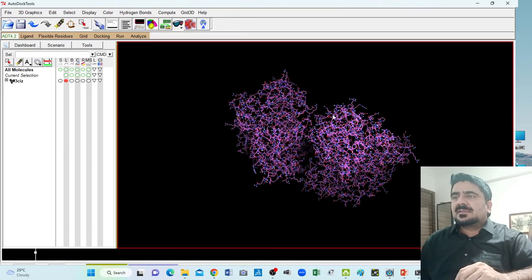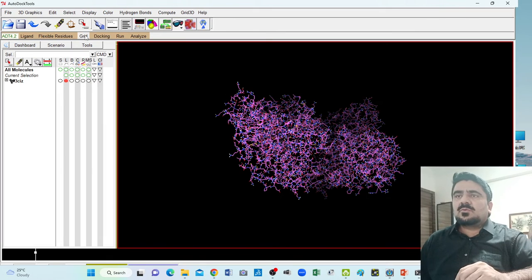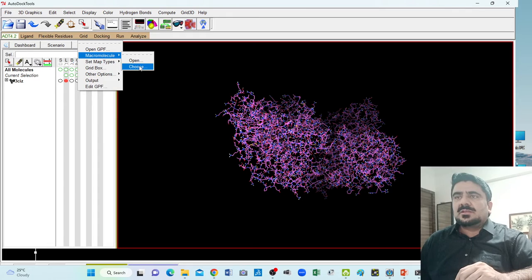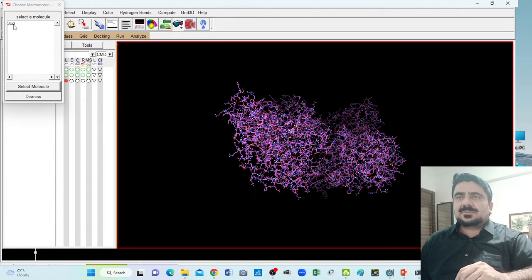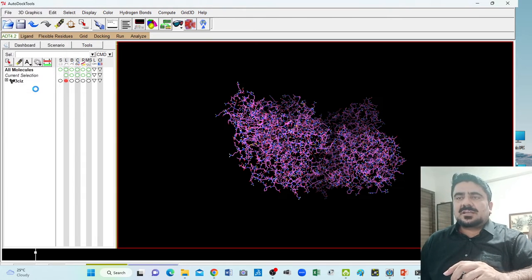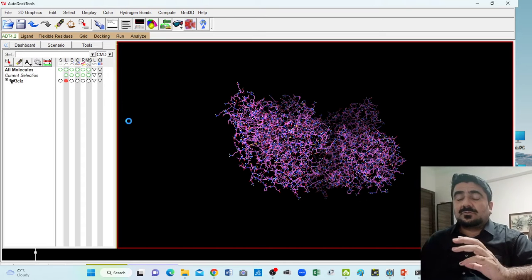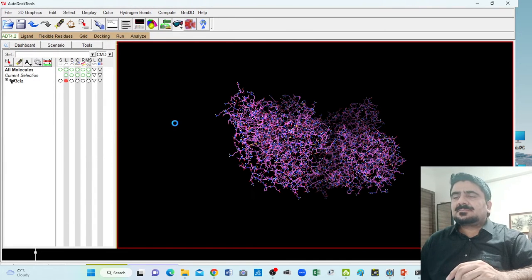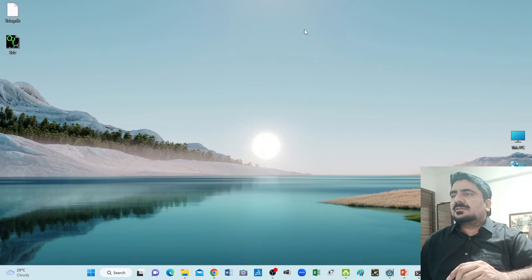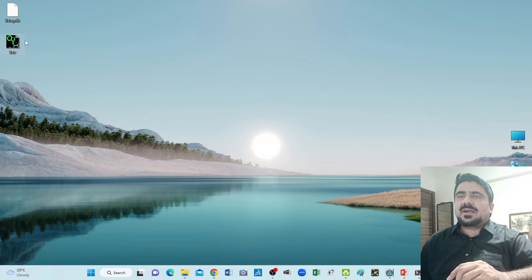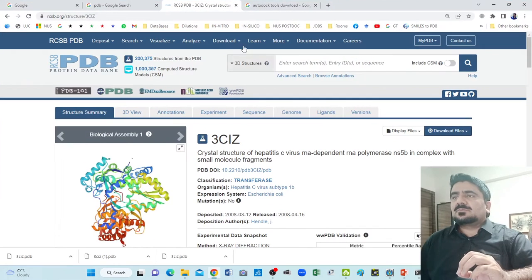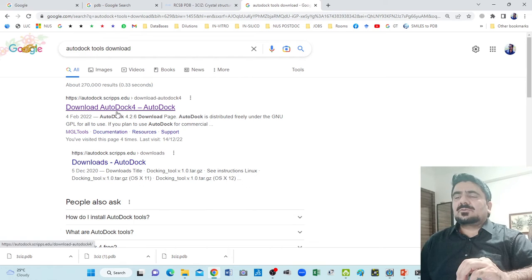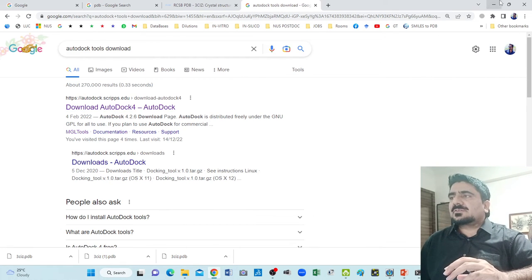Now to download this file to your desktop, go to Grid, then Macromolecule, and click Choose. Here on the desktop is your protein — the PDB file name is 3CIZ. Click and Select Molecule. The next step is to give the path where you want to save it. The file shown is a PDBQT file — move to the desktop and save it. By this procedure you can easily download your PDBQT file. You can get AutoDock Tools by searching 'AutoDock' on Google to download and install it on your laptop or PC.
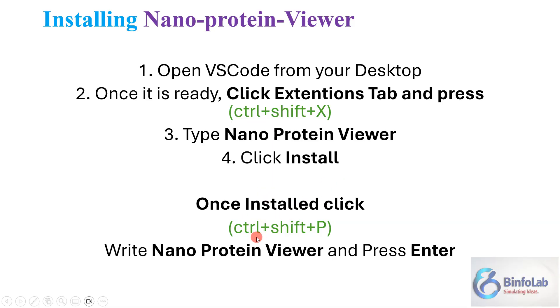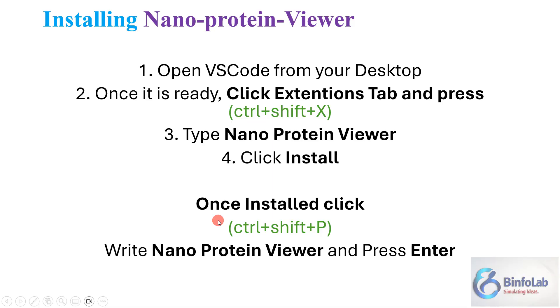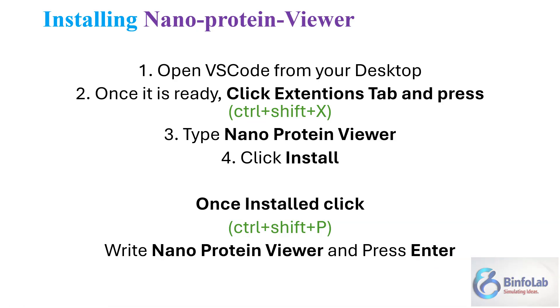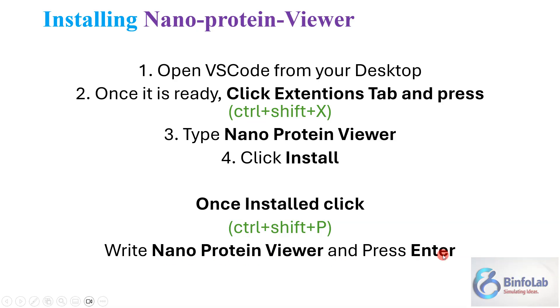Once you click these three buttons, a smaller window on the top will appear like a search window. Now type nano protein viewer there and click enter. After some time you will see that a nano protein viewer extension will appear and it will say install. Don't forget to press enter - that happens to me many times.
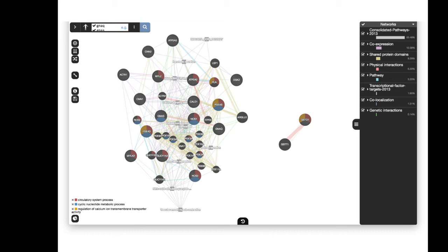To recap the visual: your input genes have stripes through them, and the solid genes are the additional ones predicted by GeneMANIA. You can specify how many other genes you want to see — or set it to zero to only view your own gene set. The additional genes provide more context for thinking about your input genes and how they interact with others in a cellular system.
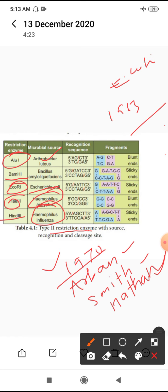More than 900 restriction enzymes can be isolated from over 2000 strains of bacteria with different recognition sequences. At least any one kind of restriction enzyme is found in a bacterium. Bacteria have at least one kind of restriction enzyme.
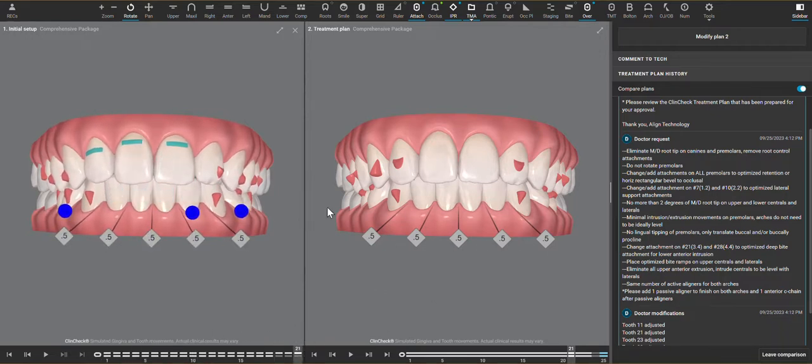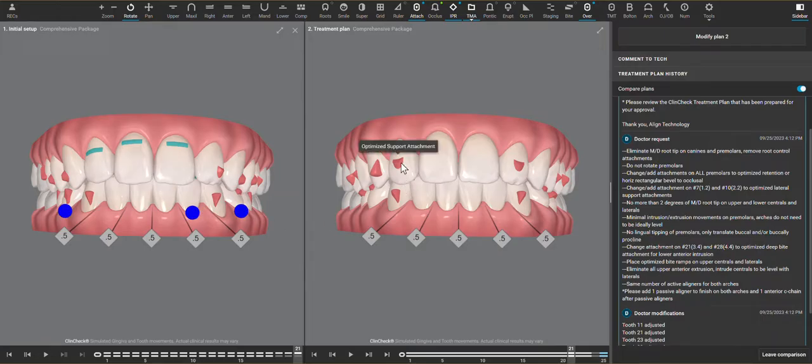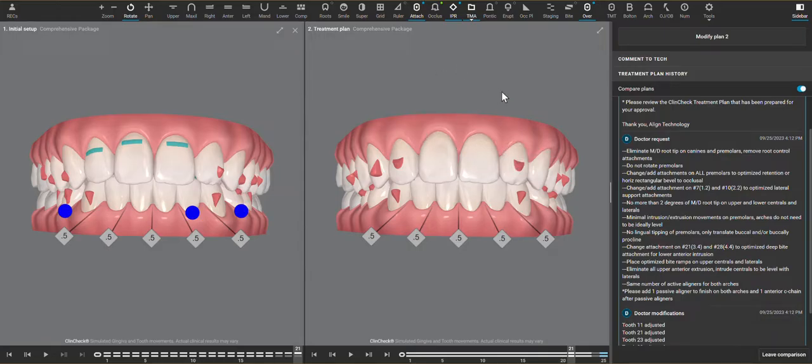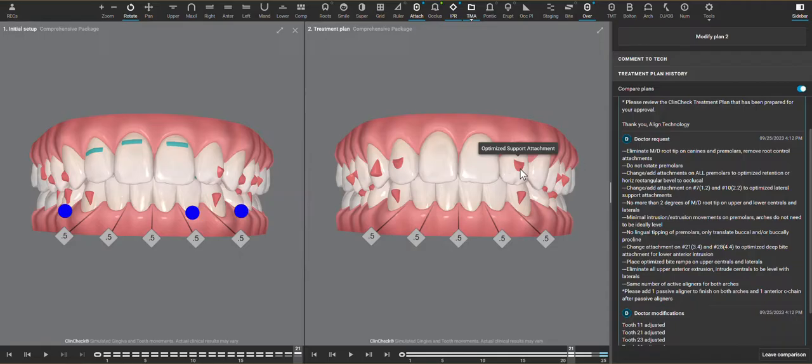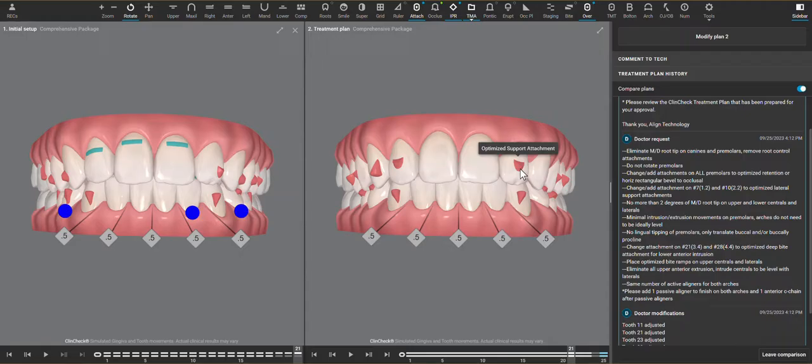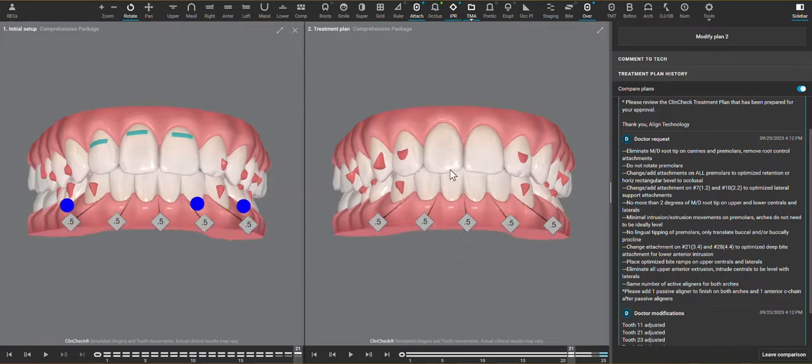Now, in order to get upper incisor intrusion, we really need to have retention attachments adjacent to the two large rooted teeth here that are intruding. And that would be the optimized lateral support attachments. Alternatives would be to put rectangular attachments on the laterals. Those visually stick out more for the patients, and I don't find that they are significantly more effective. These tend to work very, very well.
==
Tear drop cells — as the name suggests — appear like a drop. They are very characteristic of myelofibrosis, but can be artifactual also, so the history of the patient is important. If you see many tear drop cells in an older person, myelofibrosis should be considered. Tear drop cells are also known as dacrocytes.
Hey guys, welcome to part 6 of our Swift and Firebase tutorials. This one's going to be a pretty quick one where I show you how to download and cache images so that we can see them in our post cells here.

• _PROBLEM STATEMENT_
Among the records above, locate the line containing "Now to download" and the line containing "Now, in order", then transcribe exactly the lines starting at the first and ending at the second, with no pictures.

• _FINISHED EXERCISE_
Now to download this file to your desktop, go to Grid, then Macromolecule, and click Choose. Here on the desktop is your protein — the PDB file name is 3CIZ. Click and Select Molecule. The next step is to give the path where you want to save it. The file shown is a PDBQT file — move to the desktop and save it. By this procedure you can easily download your PDBQT file. You can get AutoDock Tools by searching 'AutoDock' on Google to download and install it on your laptop or PC.
Once you click these three buttons, a smaller window on the top will appear like a search window. Now type nano protein viewer there and click enter. After some time you will see that a nano protein viewer extension will appear and it will say install. Don't forget to press enter - that happens to me many times.
To recap the visual: your input genes have stripes through them, and the solid genes are the additional ones predicted by GeneMANIA. You can specify how many other genes you want to see — or set it to zero to only view your own gene set. The additional genes provide more context for thinking about your input genes and how they interact with others in a cellular system.
More than 900 restriction enzymes can be isolated from over 2000 strains of bacteria with different recognition sequences. At least any one kind of restriction enzyme is found in a bacterium. Bacteria have at least one kind of restriction enzyme.
Now, in order to get upper incisor intrusion, we really need to have retention attachments adjacent to the two large rooted teeth here that are intruding. And that would be the optimized lateral support attachments. Alternatives would be to put rectangular attachments on the laterals. Those visually stick out more for the patients, and I don't find that they are significantly more effective. These tend to work very, very well.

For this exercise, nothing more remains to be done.